**Data under study:**
━━━━━━━━━━

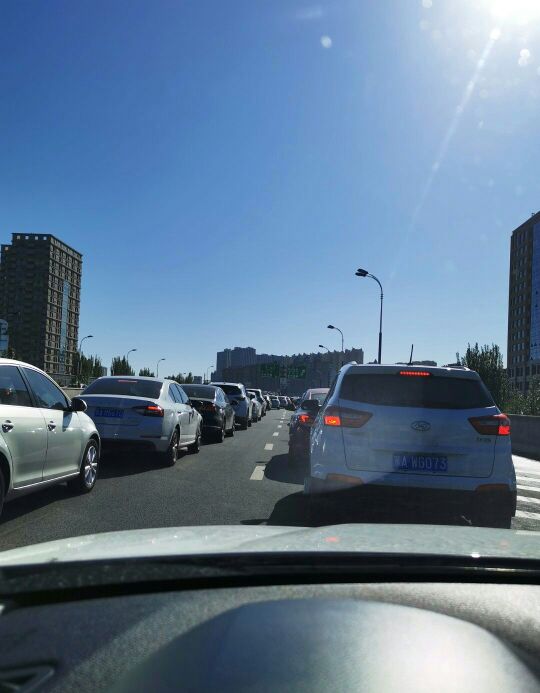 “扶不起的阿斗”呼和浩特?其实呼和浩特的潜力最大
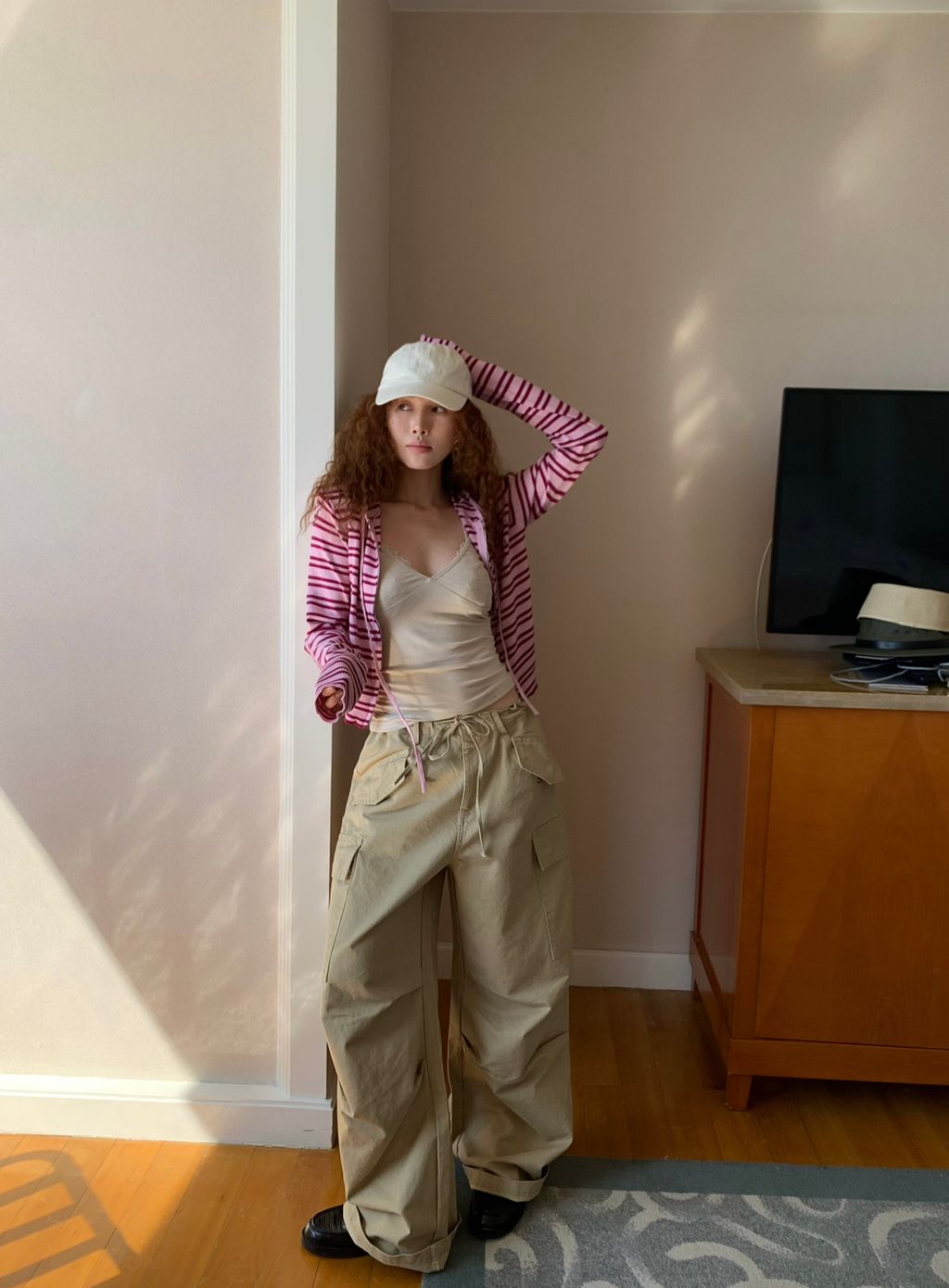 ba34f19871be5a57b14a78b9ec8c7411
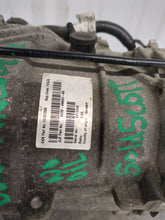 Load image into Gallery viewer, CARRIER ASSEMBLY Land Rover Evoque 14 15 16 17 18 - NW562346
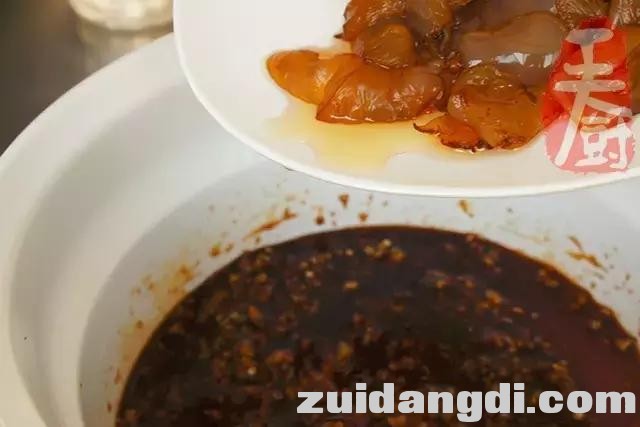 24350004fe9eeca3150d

━━━━━━━━━━

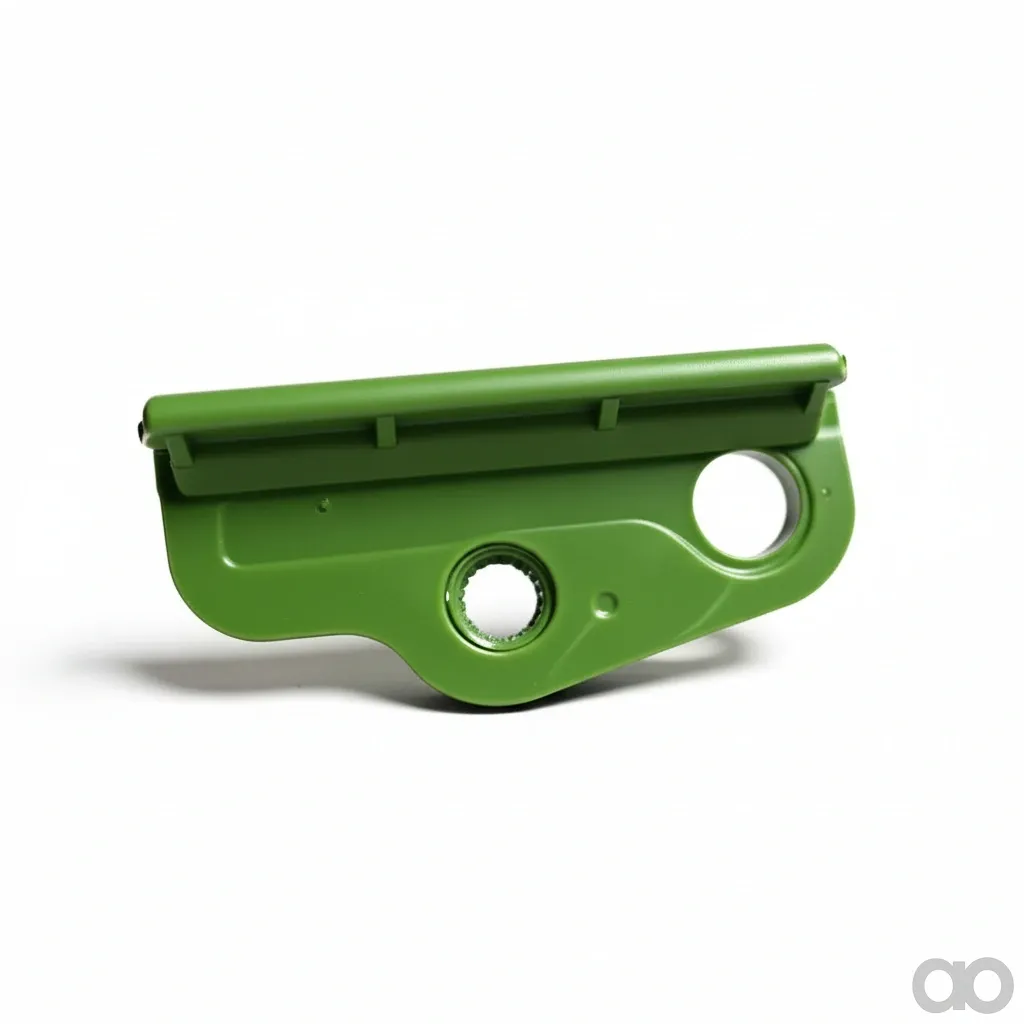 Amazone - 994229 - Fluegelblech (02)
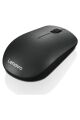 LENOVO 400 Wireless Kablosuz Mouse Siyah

━━━━━━━━━━

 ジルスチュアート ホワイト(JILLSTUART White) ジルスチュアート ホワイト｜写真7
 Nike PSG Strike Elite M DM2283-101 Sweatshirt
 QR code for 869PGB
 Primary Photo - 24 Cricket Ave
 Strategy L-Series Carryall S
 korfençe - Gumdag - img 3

━━━━━━━━━━

**Work task:** What you return from the records above should be exactly everything from the line with "Amazone - 994229 - Fluegelblech (02)" down to the line with "LENOVO 400 Wireless Kablosuz Mouse Siyah", both kept, and no pictures.

**Written solution:**
 Amazone - 994229 - Fluegelblech (02)
 LENOVO 400 Wireless Kablosuz Mouse Siyah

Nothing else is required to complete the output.